Requirement: All of the data should be restated word for word, with the pictures omitted.

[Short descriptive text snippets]
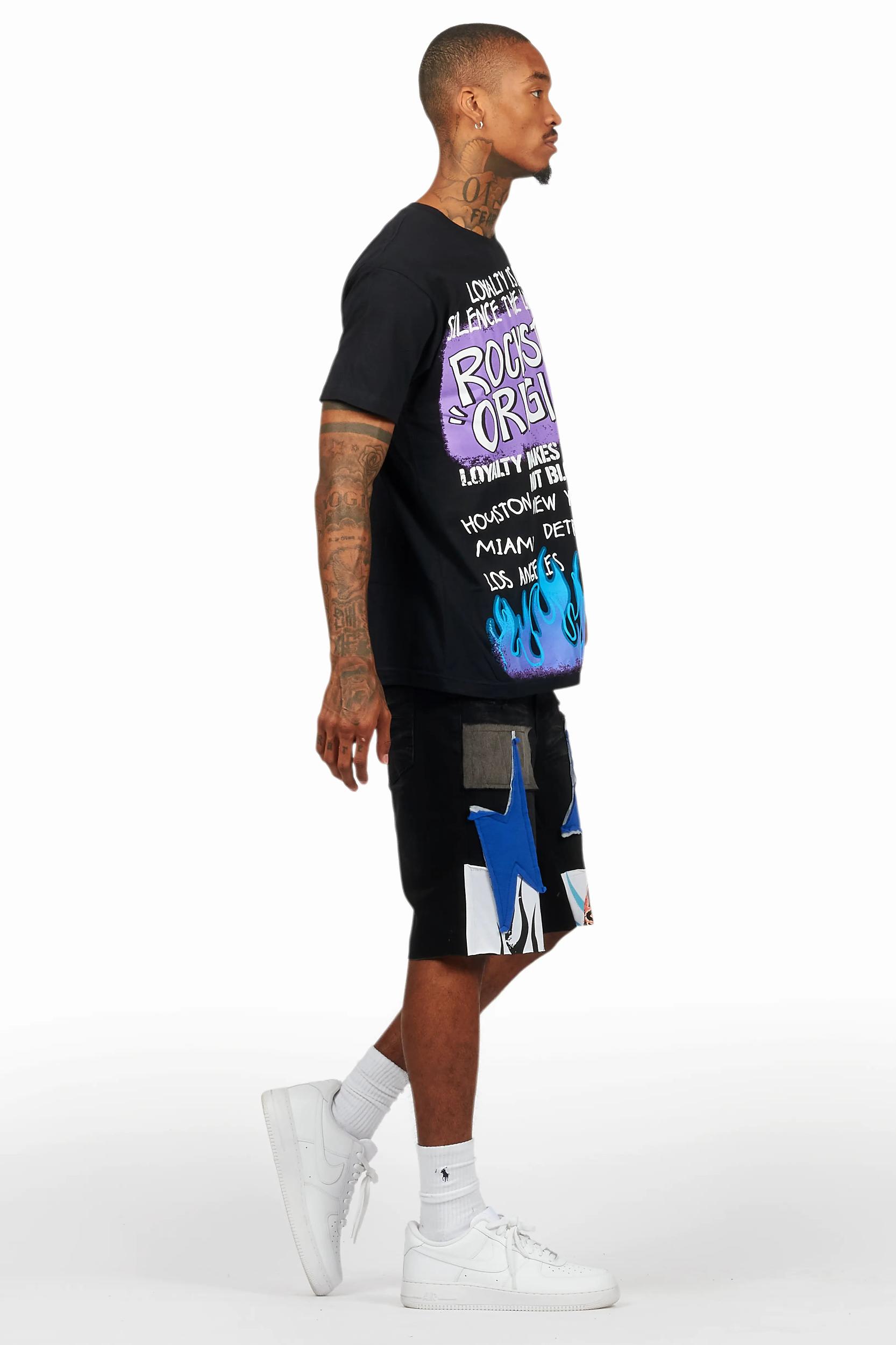 Beno Black T-Shirt/Denim Short Set Male Product Image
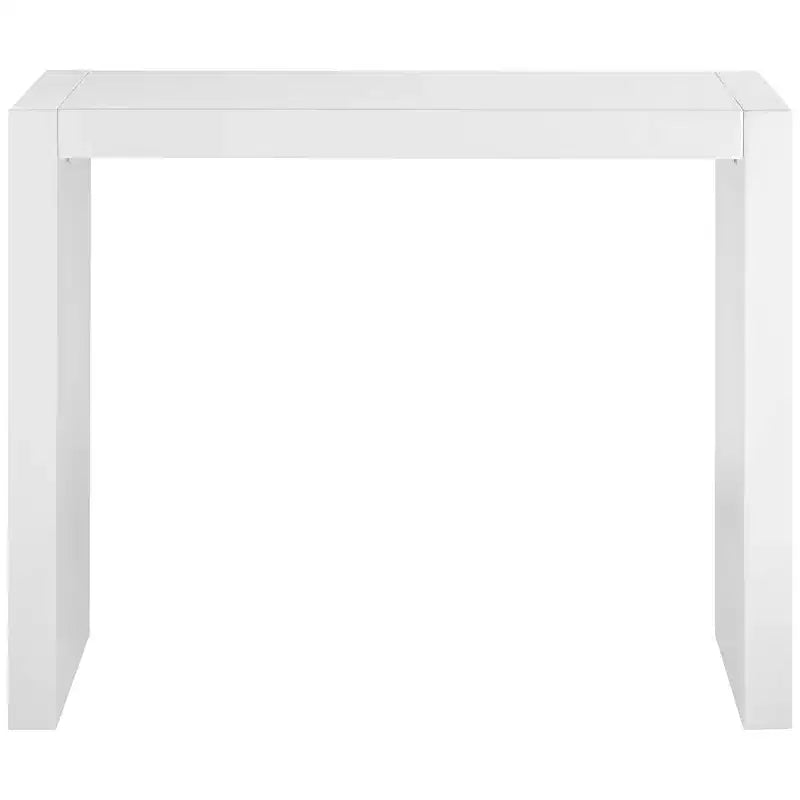 Studio 55D Jessa Table de bar rectangulaire moderne minimaliste blanc brillant 50 x 18 pour salon, cuisine, chambre, chevet, entrée, maison, bureau, salle de bain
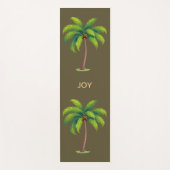 Moderne botanische palmbomen op bruin gepersonalis yogamat (Voorkant)
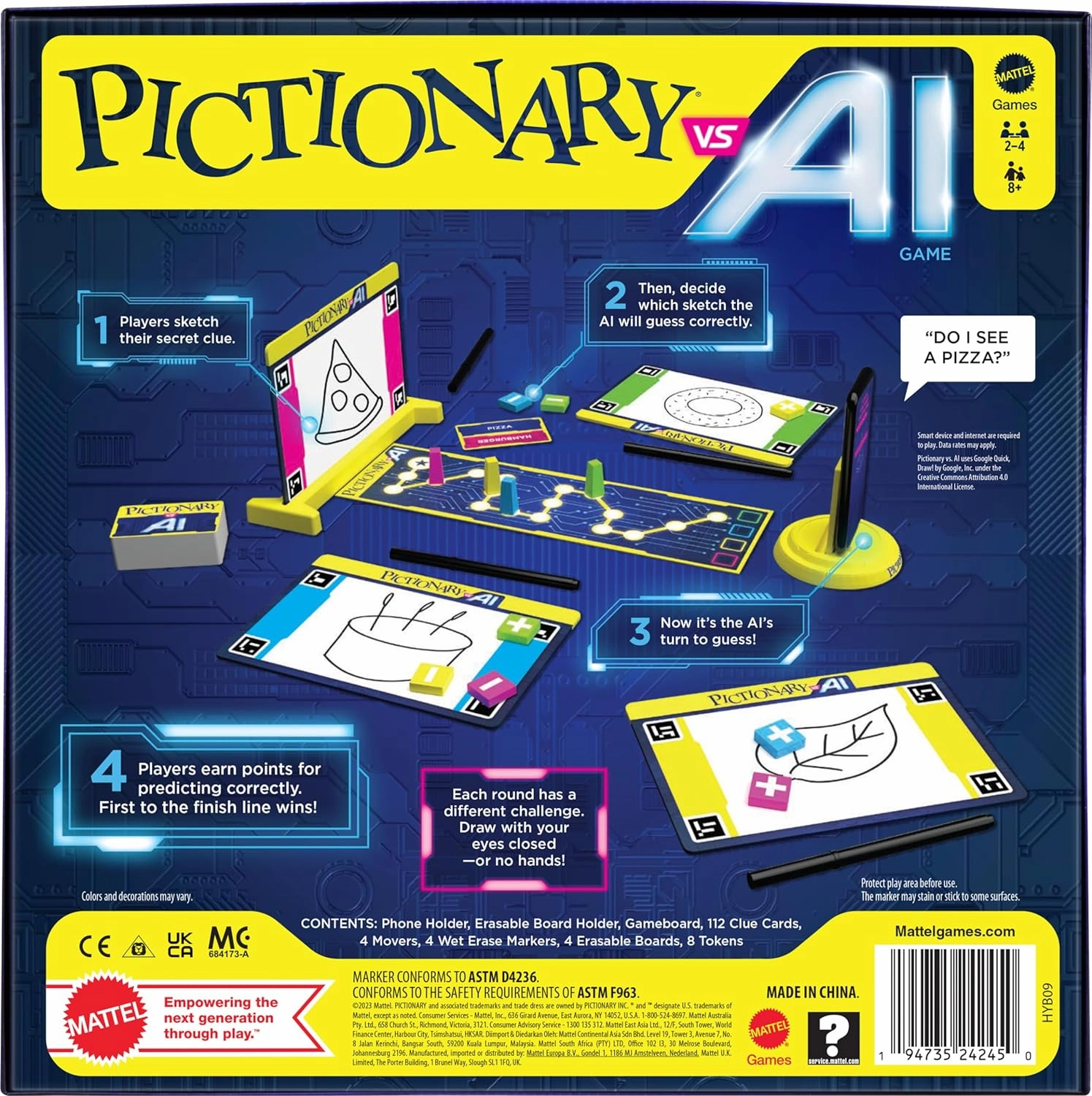 Babykids_Mattel_Toys Mattel Games Pictionary VS AI, Family Board Game for Kids and Adults, Engaging Gift for Kids, Drawing Game with Artificial Intelligence for 2 to 4 Teams with Multiple Players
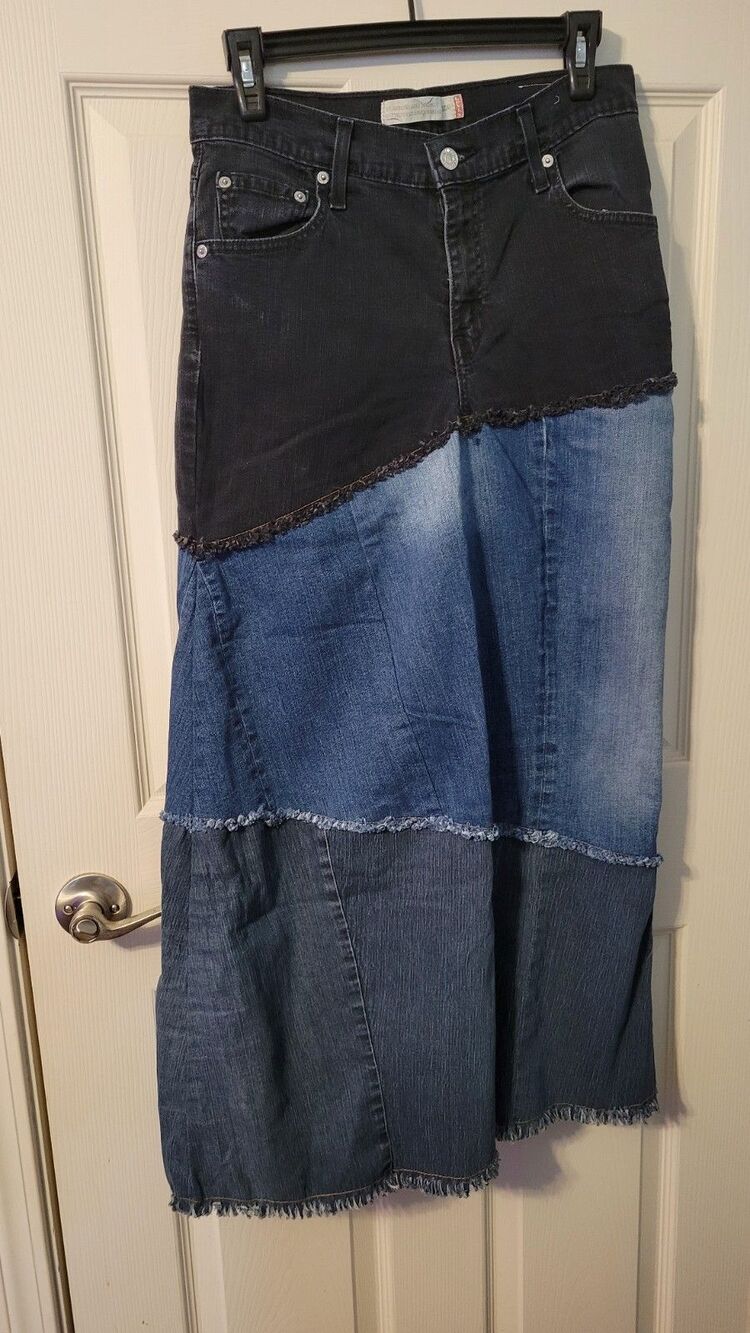 The Morgan Factory Reworked Vintage Levi's 550 Patchwork Denim Maxi Skirt Size 8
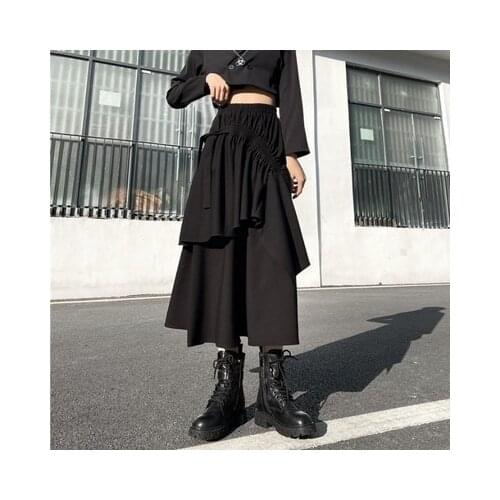 Dark series minority design wrinkle skirt skirt woman 2021 spring summer double-layer a character umbrella skirt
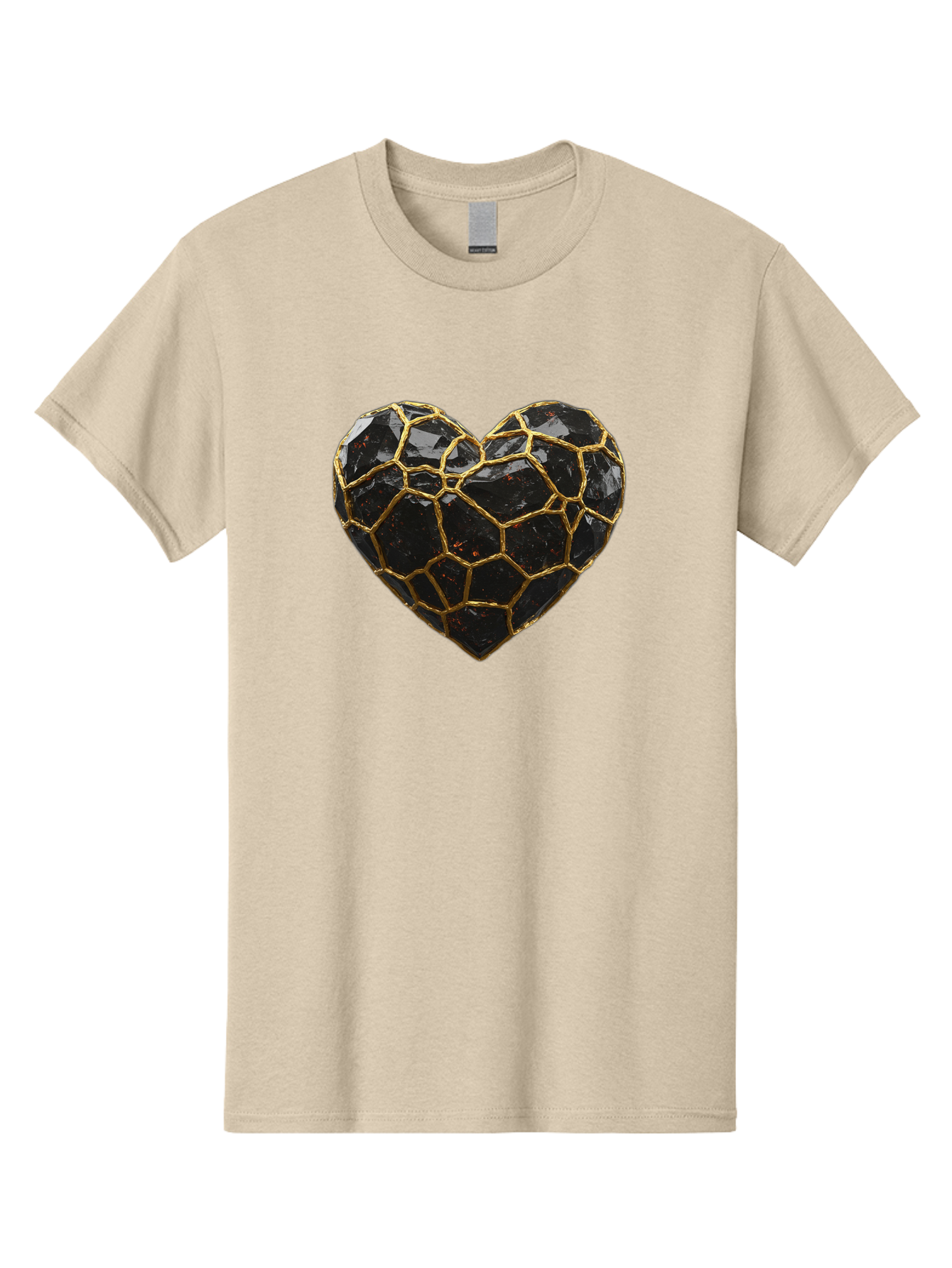 Kintsugi-Heart-8 Men'S Graphic Tee, 100% Cotton, Comfortable Casual Summer Wear, Machine Washable, Kintsugi Art, Broken Heart, Gold Repair, Cracked Gemstone, Luxury Jewelry, Unique Decoration, Symbolic Heart, Repaired Heart, Precious Stone, Bae063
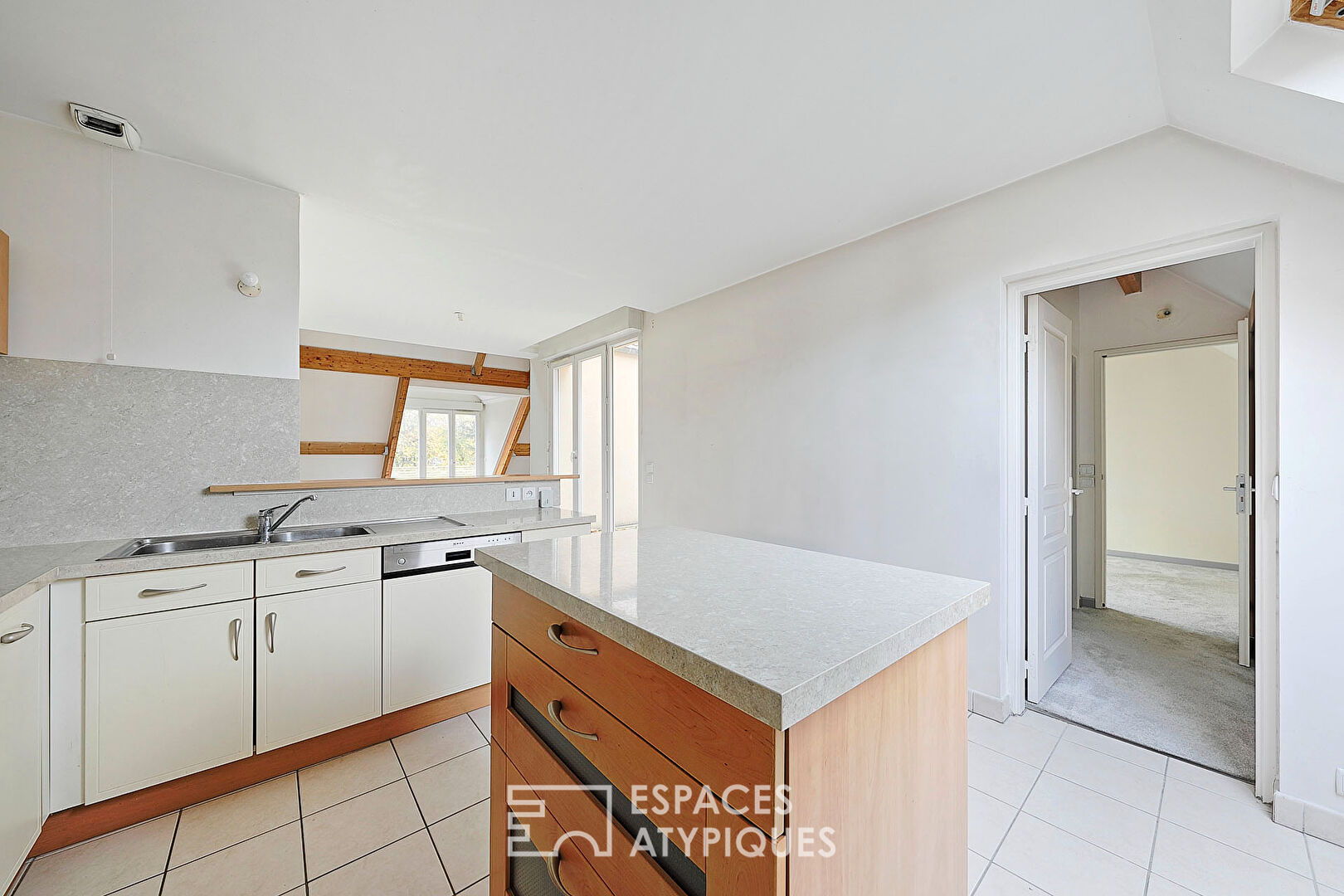 Duplex apartment with terrace and balcony in the city center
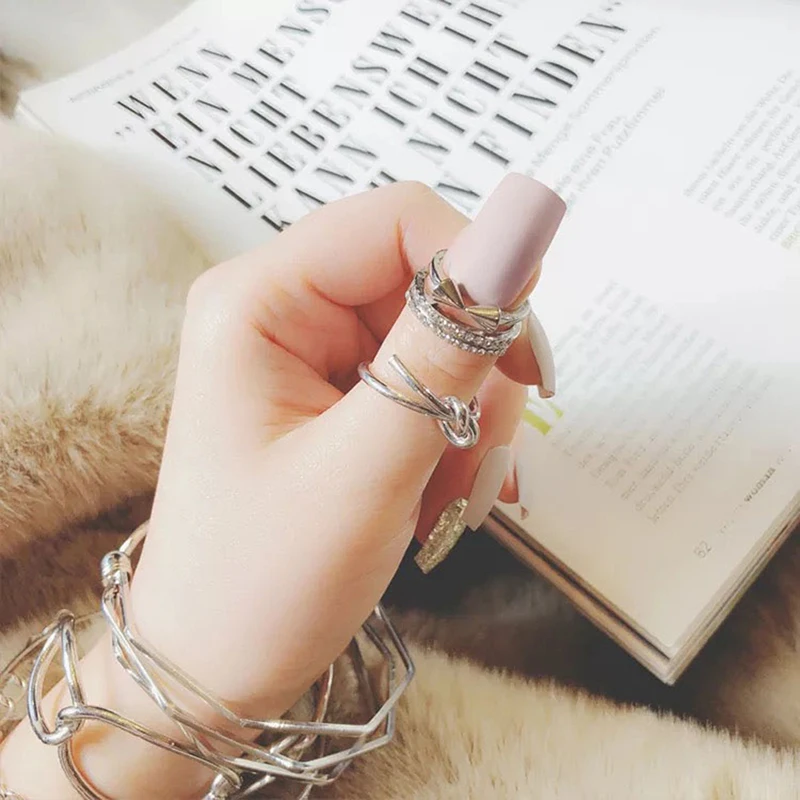 24 шт./компл. акриловые накладные ногти матовые короткие золотые и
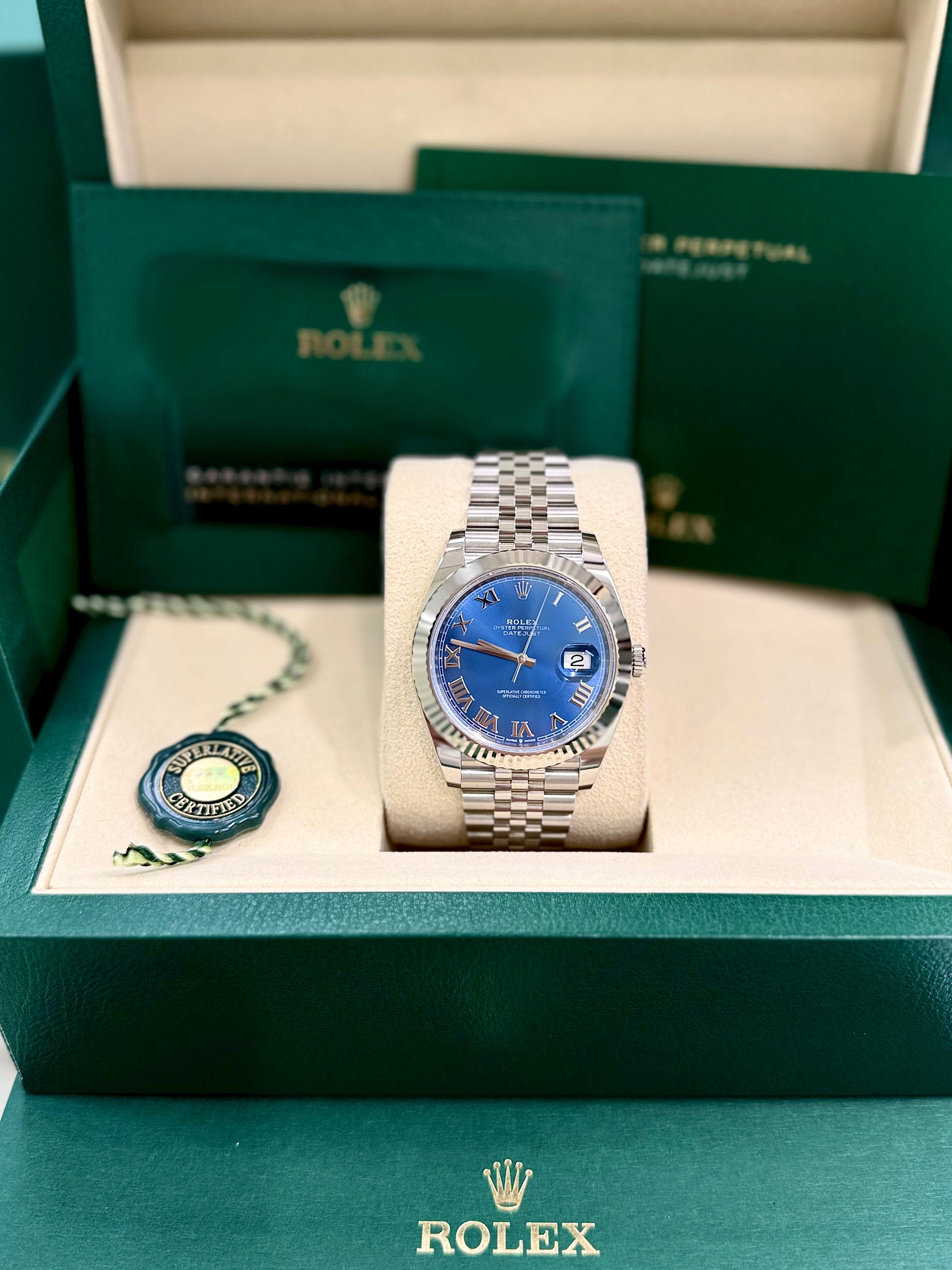 Rolex Date Just 41mm 126334 Blue Roman Numeral Dial with Stainless Steel Jubilee Band New, DATE just 2, date just II
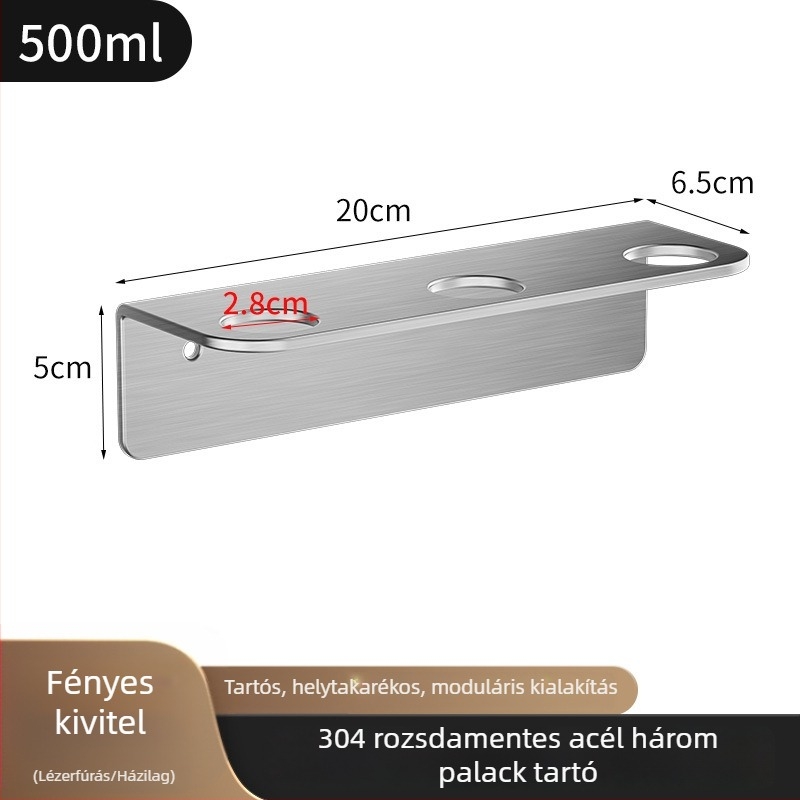 304 rozsdamentes acél üvegtartó, kézi nyomású működés, polírozott felület, modern stílus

Expected output:
 Beno Black T-Shirt/Denim Short Set Male Product Image
 Studio 55D Jessa Table de bar rectangulaire moderne minimaliste blanc brillant 50 x 18 pour salon, cuisine, chambre, chevet, entrée, maison, bureau, salle de bain
 Moderne botanische palmbomen op bruin gepersonalis yogamat (Voorkant)
 Babykids_Mattel_Toys Mattel Games Pictionary VS AI, Family Board Game for Kids and Adults, Engaging Gift for Kids, Drawing Game with Artificial Intelligence for 2 to 4 Teams with Multiple Players
 The Morgan Factory Reworked Vintage Levi's 550 Patchwork Denim Maxi Skirt Size 8
 Dark series minority design wrinkle skirt skirt woman 2021 spring summer double-layer a character umbrella skirt
 Kintsugi-Heart-8 Men'S Graphic Tee, 100% Cotton, Comfortable Casual Summer Wear, Machine Washable, Kintsugi Art, Broken Heart, Gold Repair, Cracked Gemstone, Luxury Jewelry, Unique Decoration, Symbolic Heart, Repaired Heart, Precious Stone, Bae063
 Duplex apartment with terrace and balcony in the city center
 24 шт./компл. акриловые накладные ногти матовые короткие золотые и
 Rolex Date Just 41mm 126334 Blue Roman Numeral Dial with Stainless Steel Jubilee Band New, DATE just 2, date just II
 304 rozsdamentes acél üvegtartó, kézi nyomású működés, polírozott felület, modern stílus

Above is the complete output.